Das Verständnis der Rolle des Verhältnisses von Säulenlänge zu Partikelgröße [L/d_p] ist entscheidend für das Verständnis der UPLC-Technologie. Die UPLC-Technologie basiert auf dem effizienten Packen kleiner, drucktoleranter Partikel in kurze [hoher Durchsatz] oder lange [hohe Auflösung] Säulen. Diese UPLC-Säulen werden in einem LC-Gerät verwendet, das für den Betrieb bei der optimalen Lineargeschwindigkeit [und dem entsprechenden Druck] für diese Partikel mit minimaler Bandenverbreiterung ausgelegt ist.

Messen der Gradiententrennleistung [Peakkapazität]

Unter isokratischen Bedingungen ist die Bodenzahl [N] ein Maß für die kumulativen Bandenverbreiterungsbeiträge des Geräts und der Säule. Aufgrund der diffusionsbedingten Bandenverbreiterung nimmt die Breite einer Analytbande zu, je länger die Analytbande auf der stationären Phase gehalten wird.

Bei einem Gradientenlauf ändert sich die Elutionsstärke der mobilen Phase im Laufe der Analyse. Dies führt dazu, dass sich stärker zurückgehaltene Analytbanden schneller durch die Säule bewegen [und sich somit die Retentionszeit ändert], wodurch die Banden konzentrierter [schmal] gehalten werden. Bei der Reversed-Phase-Chromatographie steuert die zunehmende Elutionsstärke der mobilen Phase die Breite der erzeugten Banden, was zu ähnlichen Peakbreiten beim Durchgang der Banden durch den Detektor führt. Da sich die Peakbreite und Retentionszeit durch die Stärke der mobilen Phase ändern, ist die Bodenzahl [aufgrund ihrer Beziehung zur Peakbreite] kein gültiges Maß für Gradiententrennungen.

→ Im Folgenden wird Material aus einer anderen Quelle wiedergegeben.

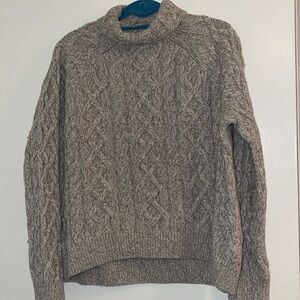 Vince Cable Knit Mock Turtleneck Sweater Heather Grey Wool/ Cashmere Sz‎ XS
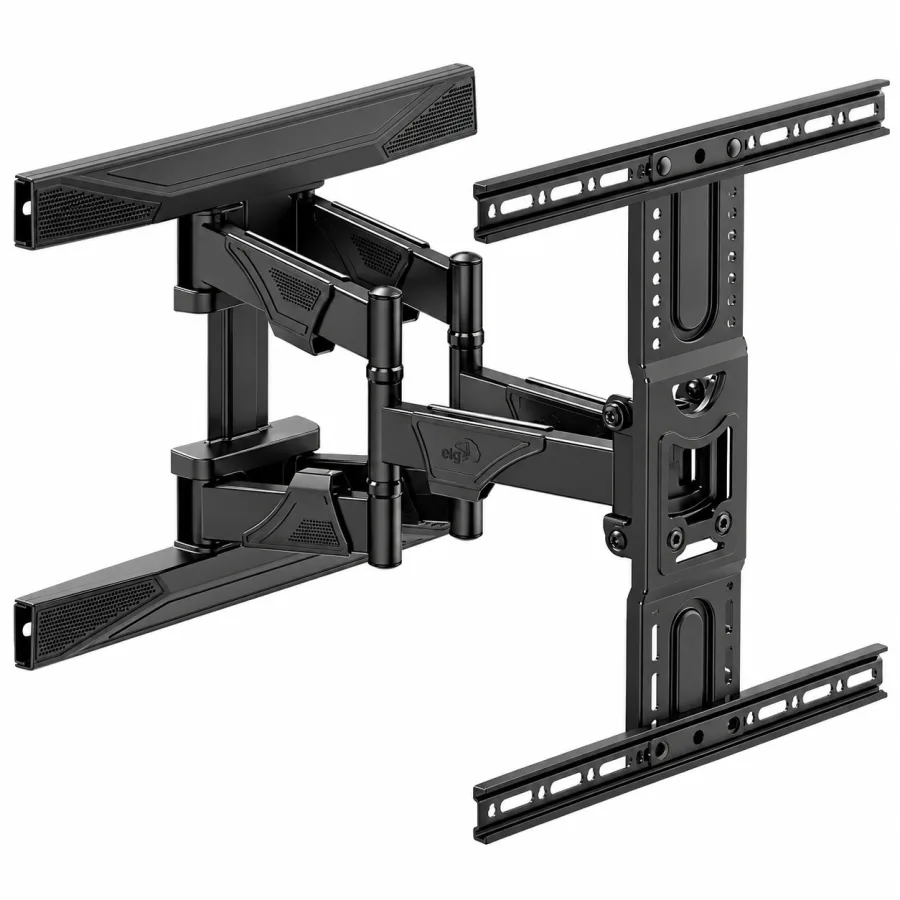 Suporte Articulado de Parede ELG A02V6N para TV de 32 a 86 Polegadas até 46 kg VESA 200x200 a 600x400 Aço Carbono com Nível Bolha Preto
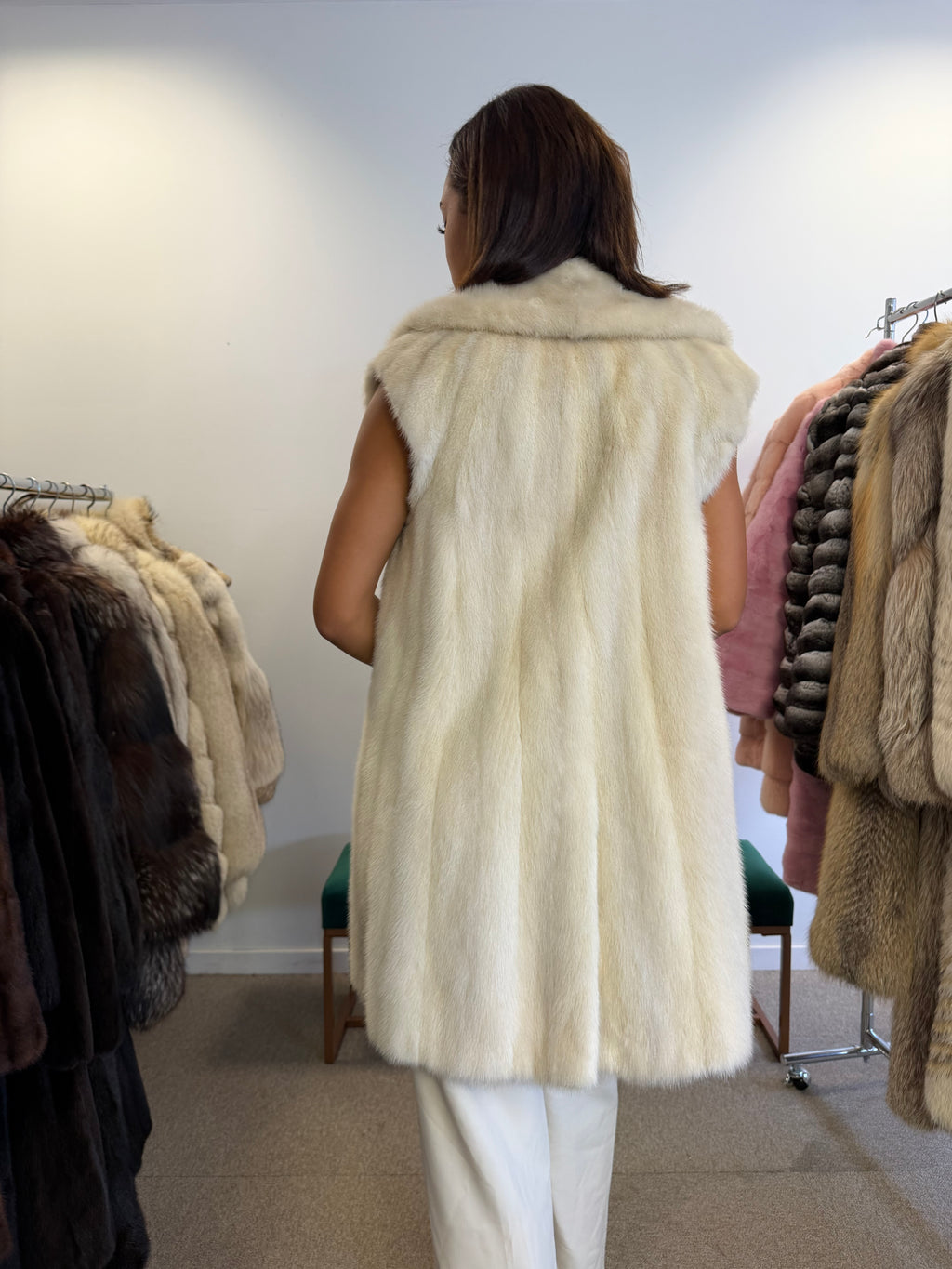 White Mink Fur Vest, Size M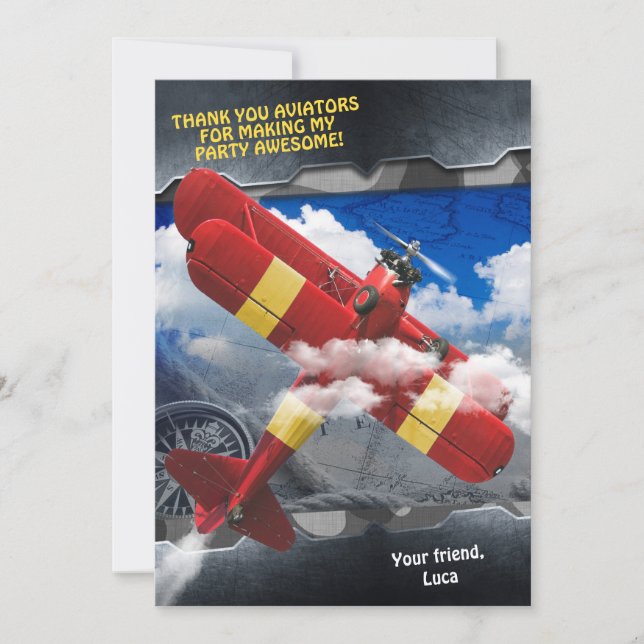 Tack för ditt kort för Aviator Flygplan (Framsida)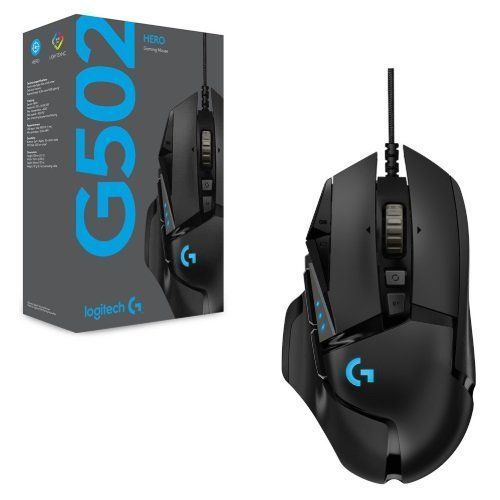 Logitech G502 Hero High-Performance Wired Gaming Mouse, RGB, 11  Programmable Buttons, Black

Die Trennleistung eines Gradienten kann anhand seiner Peakkapazität [P_c] berechnet werden. Daher ist die Peakkapazität einfach die theoretische Anzahl von Peaks, die in einer gegebenen Gradientenzeit getrennt werden können. Die Peakkapazität ist umgekehrt proportional zur Peakbreite. Damit P_c zunimmt, muss die Peakbreite daher abnehmen.

Die Peakkapazität kann durch den Einsatz der UPLC-Technologie drastisch erhöht werden. Das hohe Trennleistung der UPLC-Technologie ermöglicht es, mehr Informationen pro Zeiteinheit zu erzeugen, indem die Leistung von Sub-2-µm-Partikeln auf Geräten mit außergewöhnlich niedriger Dispersion [2,8 µL Bandenverbreiterung] genutzt wird. Dadurch können mehr Informationen aus einer gegebenen Probe gesammelt werden. Zum Beispiel liefert ein Trypsinverdau von Phosphorylase b ~70 identifizierte Peaks unter Verwendung einer HPLC-Säule, die mit 5-µm-Partikeln gepackt ist [Abbildung 43A]. Mit der UPLC-Technologie steigt die Anzahl der identifizierbaren Peaks von 70 auf 168, wodurch das Vertrauen in die Proteinidentifizierung verbessert wird [Abbildung 43B].